When you reach the line that has "Hotel Bella Daria" in the material below, reproduce it and each line after it exactly, through the last one.

--- Collected material ---

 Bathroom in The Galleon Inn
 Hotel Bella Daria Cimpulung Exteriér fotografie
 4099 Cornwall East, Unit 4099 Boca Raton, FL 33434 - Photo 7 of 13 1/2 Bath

---

Reply to the task ▸
 Hotel Bella Daria Cimpulung Exteriér fotografie
 4099 Cornwall East, Unit 4099 Boca Raton, FL 33434 - Photo 7 of 13 1/2 Bath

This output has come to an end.